You can begin introducing the idea of conducting by using simple hand gestures. Use gestures that feel intuitive, that do not need explaining – such as:
– Raised hands = louder
– Lowered hands = quieter
– Circular motion = keep going
– Flat hand = stop

Explain that they are becoming a “Soil Sound Orchestra.”

Circle Sound-Wave Game

Sit or stand in a circle to create a shared performance space.

  1. Copy the Leader
    One child begins by making a simple sound gesture (e.g., rubbing hands, tapping knees). The rest of the group copies, so everyone is making the same sound together. This builds unity and listening.
  2. Send the Sound Around the Circle
    Introduce a new sound. Instead of everyone changing at once, ask one child to begin. The next child copies, then the next, sending the new sound around the circle like a wave. Continue until the whole group has changed to the new sound.
  3. Create a Child-Led Sound Wave
    Invite different children to invent and “send” their own sound around the circle. Watch how the texture gradually transforms as the sound travels from one side to the other.

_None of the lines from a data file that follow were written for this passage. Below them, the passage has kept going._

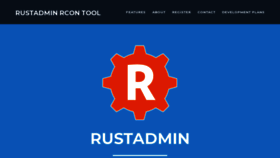 What Rustadmin.com website looked like in 2018 (5 years ago)
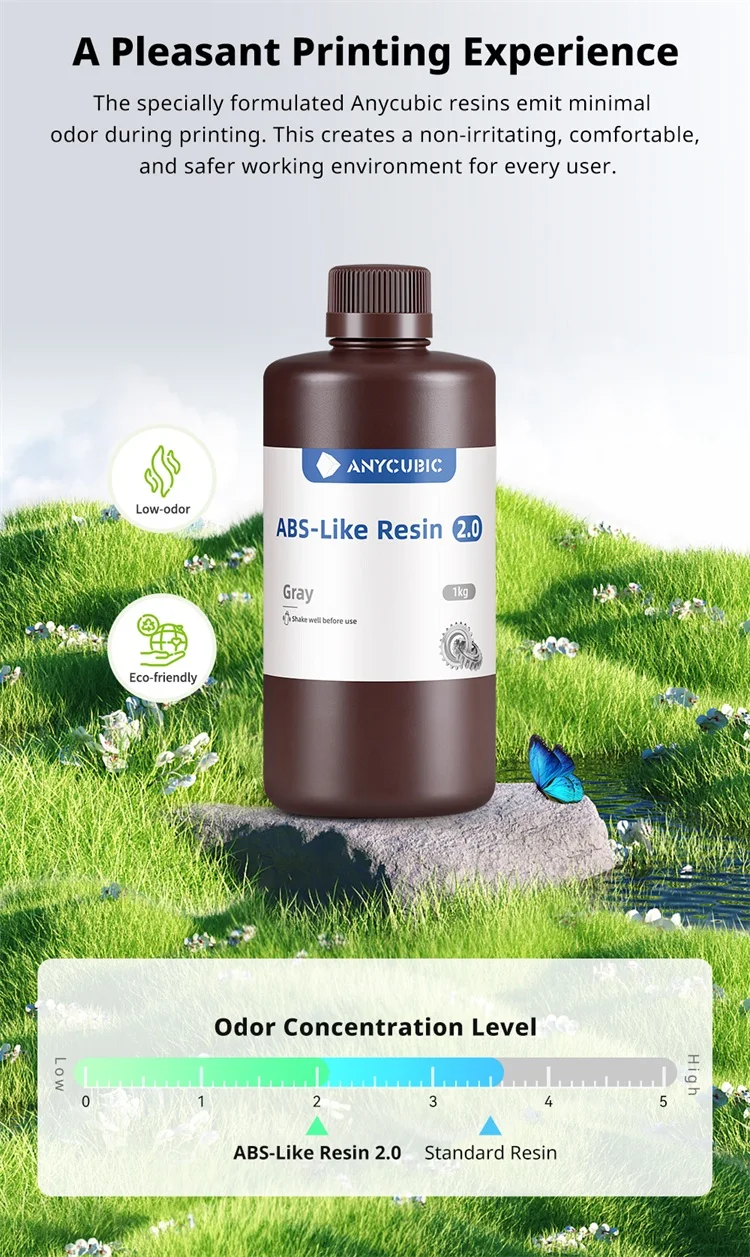 NEW Anycubic 2.0 Resin 3D Printer Photopolymer ABS-Like Resin Higher Toughness & Resilience Fast Curing High Precision Resin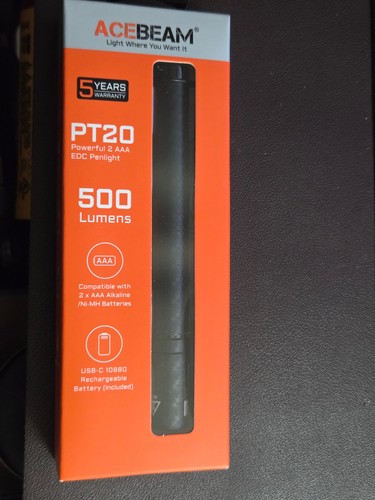Torcia penna acebeam pt20 - penna,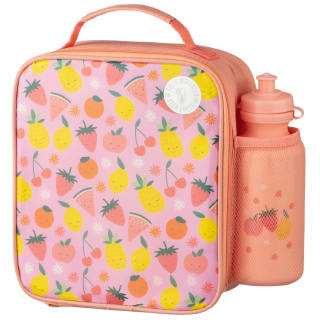 Lunch Bag with Bottle - Fruit design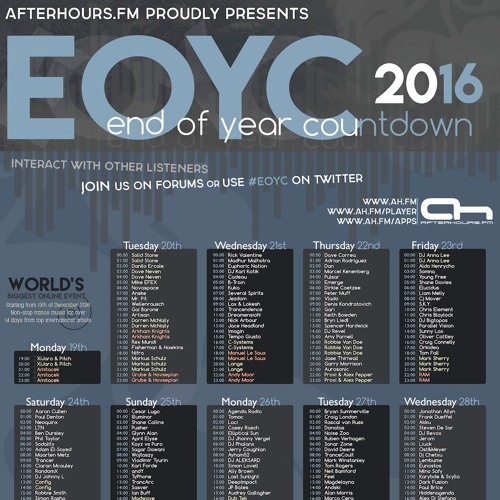 Mark Sherry - Afterhours #EOYC 2016 Mix (3 hour special)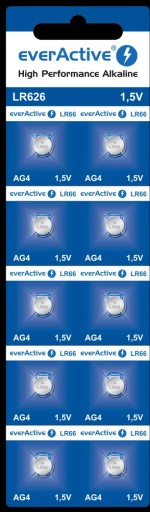 Alkalické batérie AG10 LR1130 LR54 1,5V 10 ks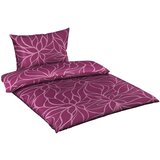 Boxxx POSTELJNINA FLEUR 140/200 cm saten barve gozdnih sadežev | Shoptok.si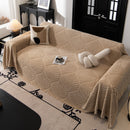 61 of 89:Winter Soft Plush Fleece Sofa Blanket Leaves Jacquard Couch Covers for Couches 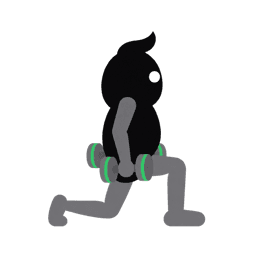 Illustration of the Dumbbell Walking Lunge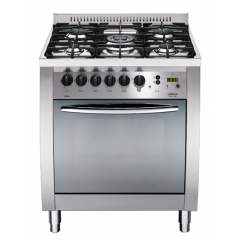 LOFRA CURVA C76GV/C CUCINA ACCIAIO INOX 70X60 CM 5 BRUCIATORI FORNO A GAS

This activity helps children:
– Listen carefully to one another.
– Notice how sounds change when made by many people.
– Experience how musical texture can gradually shift.
– Begin understanding ensemble awareness and group coordination.

It also reinforces the idea that even simple sounds, like those heard in the soil, can be shaped, organised, and performed together, just like an orchestra of instruments playing together.


A series of browsers based apps have been created by Matthew Olden. These apps are designed to work directly on your internet browser on a computer, laptop, ipad or phone, without the need to download or install software. YOu are encouraged to uyse your own sounds,but to get started you can access the sound library (links above) which need to be downloaded to the device you are using the apps on.

MUSIC TECH ACTIVITY 1: Seeing Sound : Spectrograms

ONLINE MUSIC TECH APPLICATION : HERE.

Whole Class Demonstration (10 minutes)
Using the online music application, show the children one of their soil recordings as a spectrogram

Explain in simple terms:
– The picture shows sound
– The colours and shapes show how loud or soft the sound is
– High sounds are ‘higher’ in the image and low sounds are ‘lower’
– The picture is ‘scrolling’ to show how the sounds are made over time, a bit like a music score

When explaining it may also be helpful to select the microphone input to feed directly into the spectrogram software to show the direct links between the sound and the image. Explore this by making loud / quiet sounds as a group and shifting from low sounds to high sounds. Try out the ‘conducting the body orchestra’ task with the spectroscope on, and see how the ensemble sounds visually.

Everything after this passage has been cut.